• Exercise aim
Please return exactly the line that contains "Itm Hotel Bettkaestchen" and every line after it, through the last line of the records below, with no pictures.

[Captioned web image data]
--------

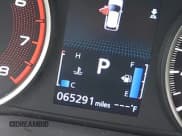 ✅ 2019 Mitsubishi Eclipse Cross SE • VIN: JA4AT5AA4KZ051817 • Lot: 42102776. Wystawiony na IAAI z przebiegiem 62 291 mil. Bezpłatny archiwum sprzedaży aukcyjnych z USA i szczegółowy raport historii pojazdu na DreamBid. Zdjęcie 16.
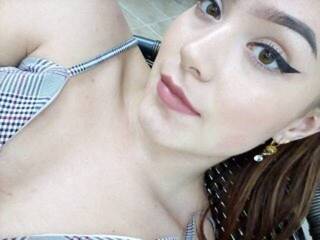 Erotični video klepet sweethangely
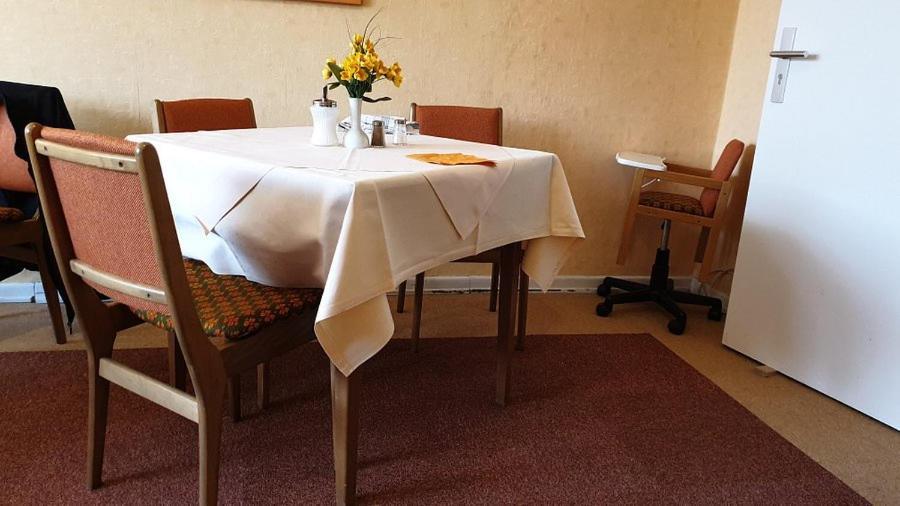 Itm Hotel Bettkaestchen Am Sachsenwald راينبك المظهر الخارجي الصورة
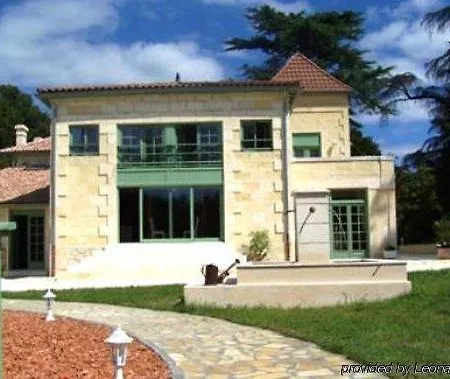 Le Clos Du - Chc Couette-café 2*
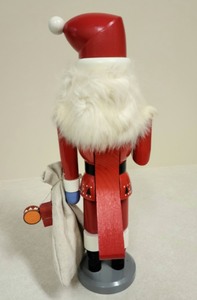 Erzgebirge Santa Nutcracker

--------

• Solution for this task
 Itm Hotel Bettkaestchen Am Sachsenwald راينبك المظهر الخارجي الصورة
 Le Clos Du - Chc Couette-café 2*
 Erzgebirge Santa Nutcracker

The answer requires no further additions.